McKinsey Global Institute’nün Eylül 2015’te yayınladığı rapora göre bir bölgede en hızlı gelişen ülkenin büyüme hızının diğer tüm ülkeler tarafından eşitlendiği tahmini bir senaryoda ülkeler 2025 yılının GSYH’lerine 12 trilyon dolar (%11) katkıda bulunmakta, kadınların iş piyasasında erkeklerle eşit hak ve fırsatlara sahip olduğu ve potansiyellerinin tamamını kullandıkları bir başka senaryoda ise ülkeler 2025 GSYH’lerine 28 trilyon dolar (%26) katkıda bulunmaktadırlar.

Lechman ve Kaur (2015), 1990-2012 yılları ile 162 ülke için kadın işgücü katılım oranları ve kişi başına GSYH değişkenleriyle uygulanan panel veri analizi sonuçlarına göre kadın işgücü katılım oranlarıyla ekonomik büyüme arasında “U” biçimli ilişkinin varlığı temel bulgularla doğrulansa da düşük gelirli ülke grupları için bu hipotez kesinlik kazanmamıştır.

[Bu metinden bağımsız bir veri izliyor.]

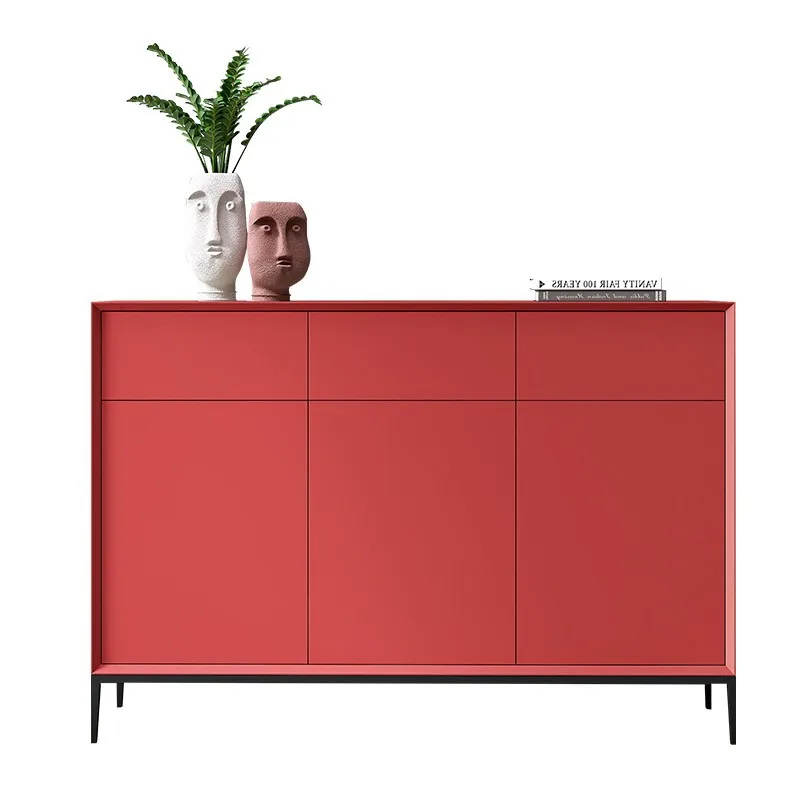 

Italian minimalist shoe cabinet paint household door porch multi-functional multi-layer locker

Alptekin ve Kasa (2016), 2000-2013 yılları için Türkiye’de kadın işgücünün ekonomik büyümeye etkisinin VAR modeliyle incelediği çalışmada GSYH’de meydana gelecek değişme çok kısa dönemde (birinci dönemde) sadece kendisinden yani GSYH’yi etkileyebilecek diğer faktörlerden kaynaklanmakta, eğitim düzeylerine göre kadın işgücü katılım oranları, zamanla büyümeyi artan oranda açıklamaktadır. Çalışmada ayrıca sürdürülebilir büyümenin ancak eğitimin yaygınlaştırılması ve böylece kişilere bir vasıf edindirilmesi, istihdamda cinsiyet eşitliğinin sağlanması, beşeri sermaye birikiminin güçlendirilmesi ile mümkün olacağı vurgulanmaktadır.

75 III. BÖLÜM

YÖNTEM

Bu çalışmada ilk olarak ekonomik büyüme tanımı, belirleyicileri ve büyüme modelleri incelenmiş, ardından kadın istihdamının tarihi, kadın istihdamını etkileyen faktörler analiz edilerek, Türkiye’de kadının işgücü piyasasındaki görünümü ele alınmış, kadın işgücünün ekonomik büyümedeki önemi ve aralarındaki ilişki teorik olarak anlatılmıştır. Sonrasında literatür taraması yapılarak daha önce yapılan çalışmalarda ulaşılan sonuçlara yer verilmiştir. Bu bölümde, Türkiye’de kadın istihdamı, kadın işsizliği ve ekonomik büyüme ilişkisinin ekonometrik model kurularak incelenmesi amaçlanmaktadır.